谷川俊太郎『別れの詩集』(6)(「谷川俊太郎 お別れの会」事務局、2025年05月12日発行)
「詩の書き方」は、「意味」が強い。意味が整ってしまうと、ことばは現実から離れてしまう。ことばだけで完結してしまう。
詩と死は同じように思いがけずぼくらを襲う
シーッ 詩と死は意味の合間の沈黙によって孕まれるもの
「シーッ」という「音」が、ここでは「完結」の罠から逃れて生きている。
「そして」は、どうか。
なんという恩寵
人は
死ねる
そしてという
接続詞だけを
残して
この詩は、この詩集の巻頭に掲げられている「そのあと」を思い起こさせる。
そのあとがある
大切なひとを失ったあと
(略)
そのあとがある
世界に そして
ひとりひとりの心に
「なんという恩寵/人は/死ねる」という詩を書いた谷川は死んだ。「そして」という接続詞のあとに、「詩を残した」と書きつなぐことはできる。
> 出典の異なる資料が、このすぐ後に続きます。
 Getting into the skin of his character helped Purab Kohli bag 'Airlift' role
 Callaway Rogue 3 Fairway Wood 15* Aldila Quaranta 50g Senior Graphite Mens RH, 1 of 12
事実や真実は、平凡であれば平凡であるほど、いいと思う。
谷川は死んだ、そして詩が残った。
「よりあいよりあい」の最後の部分。
よろこびにはなんの
りゆうもなくて
あすはちかくてとおい
この詩は、ここで終わっていたらいいのになあ、と思う。最後の一行は、「意味」が強すぎる。特に、谷川が死んだあとでは、そう感じる。最後の一行を、なぜ、谷川は書いたんだろうか。